Custou-me muito, mas decidi ir embora. Não me pergunte sobre as razões de meu gesto. Não sei, não tenho como lhe responder. Nos primeiros tempos nosso companheirismo foi muito bom, parecia não ter fim. Você se desdobrou em delicadezas, eu me desdobrei em compreensão e paciência. Eu pensei que aquele céu duraria por muitas eternidades. Mas, infelizmente, lamento, não deu. As engrenagens da vida foram mais fortes do que nós. Fomos impotentes perante a rotina, o tédio, o marasmo. E tudo se desgastou, tudo se transformou em sofrimento. Aquilo que parecia amor para sempre se consumiu, se destruiu entre bebedeiras e discussoes à toa.  Com o tempo, você se transformou. Permitiu que as crises tomassem conta de seu corpo e sua alma. Voce mudou o comportamento, pareceu-me ser outra pessoa.

Ao longo dos anos, aos poucos, você se atrasou em seus compromissos comigo. Embriagado, você muitas vezes me beijou e me bateu, depois você chorou. Eu tive muita paciencia. Nao me lembro de quantas vezes coloquei você na cama, limpei vômitos, urinas e fezes no quarto, no corredor da casa,  no banheiro. Mesmo assim, acreditei em cada promessa, cada propósito de mudança. Você sempre me prometeu coisas depois de suas bebedeiras, e sempre acreditei.
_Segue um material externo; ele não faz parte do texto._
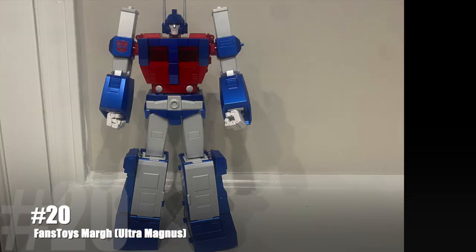It's impressive with a capital I. The fact that they gave you everything that Fans Toys is known for — the sculpt, the paint, the build, the materials — and they added articulation on top of having the core robot gimmick. It is definitely impressive. Don't let nobody tell you any differently.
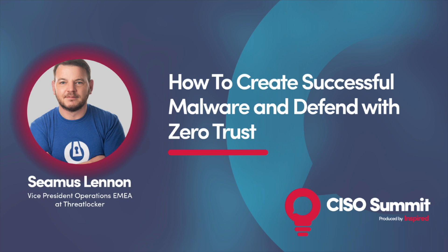I'm Seamus. I'm the VP of Operations for TreatLocker. We are a zero trust endpoint security solution.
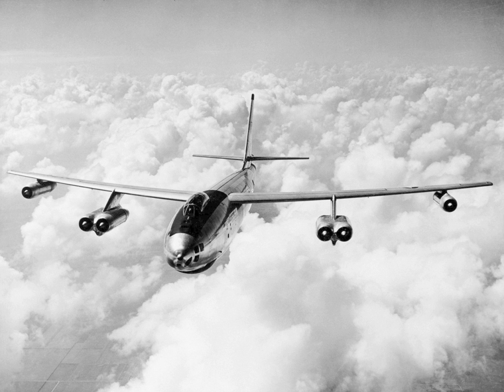The Boeing B-47 Stratojet is a retired American long-range, six-engined, turbojet-powered strategic bomber designed to fly at high subsonic speed and at high altitude to avoid enemy interceptor aircraft. The B-47's primary mission was as a nuclear bomber capable of striking the Soviet Union. With its engines carried in nacelles under the swept wing, the B-47 was a major innovation in post-World War II combat jet design, and contributed to the development of modern jet airliners.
Eu preparei seu jantar, inventei pratos novos de vez em quando. Mas você sempre chegou tarde para a ceia, a comida esfriava e eu dormia no torpor da depressão. Se você me beijava com bafo de cerveja, eu acordava enojada, impaciente. Você disse muitas vezes eu te amo, mas repuxou meus cabelos e me bateu. Eu nunca tive o direito de comemorar qualquer coisa em casa, seja meu aniversário, aniversário das crianças, Natal ou qualquer outra confraternização. Sabe por que? Eu tive vergonha. Embriagado, voce não respeitou nem a presença de minhas amigas e de meus familiares. Sempre discutiu, disse palavrões, fez gestos obscenos. Em suas crises, você não considerou nossas crianças tão pequenas ainda. Minha mãe me chamou minha filha, volte para a casa de seus pais. Na casa de seus pais, ninguem bate em você, lá você é respeitada e estimada. Mas, naquele tempo, não tive coragem de tomar uma atitude.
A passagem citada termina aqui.